WASHINGTON ( TheStreet) -- Citigroup ( C) CEO Vikram Pandit's testimony to a congressional panel today about the $45 billion taxpayer bailout that kept his bank alive should raise questions about the government's conflicted role as both investor and regulator.

Pandit told the panel that Citigroup's efforts to exit the bailout have been a success so far, and over at the Treasury they are saying they could sell the Citi stake profitably in current market conditions.

Well that's been true for more than six months, so why is the government still Citi's biggest shareholder?

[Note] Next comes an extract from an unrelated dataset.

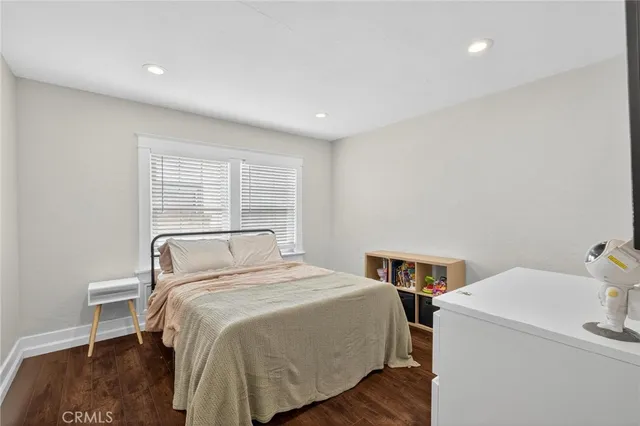 a bed sitting in a bedroom next to a window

At current valuations, the government would earn a $1.15 billion profit. On top of that unrealized gain, the U.S. government has received more than $3 billion in dividends from Citi.

So if the government is worried about Citi's stability, Pandit is suggesting that everything is under control now.

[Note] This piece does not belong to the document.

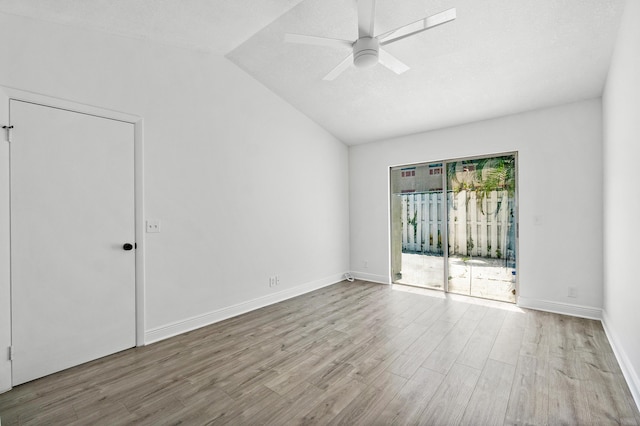 unfurnished room with vaulted ceiling, wood finished floors, a ceiling fan, and baseboards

If it's about recouping taxpayer money, then look at this chart of Citigroup's share price and ask yourself why the government didn't sell its 27% stake months ago.

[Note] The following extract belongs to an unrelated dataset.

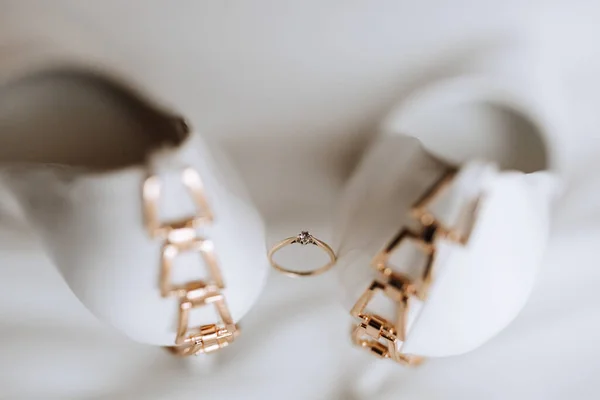 An elegant gold wedding ring with a diamond, standing between women\'s white high-heeled shoes. Photo from above on a white background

A sale in October would have brought taxpayers a $13.4 billion windfall.

When the stock hit $5, the sell order should have been made. The profit should have been locked in and the government should have exited from this uncomfortable public ownership of private enterprise.

So now that Pandit has said his piece today and duly thanked the government for all its help, I hope the congressional panel will start asking why the government still owns a stake in Citi?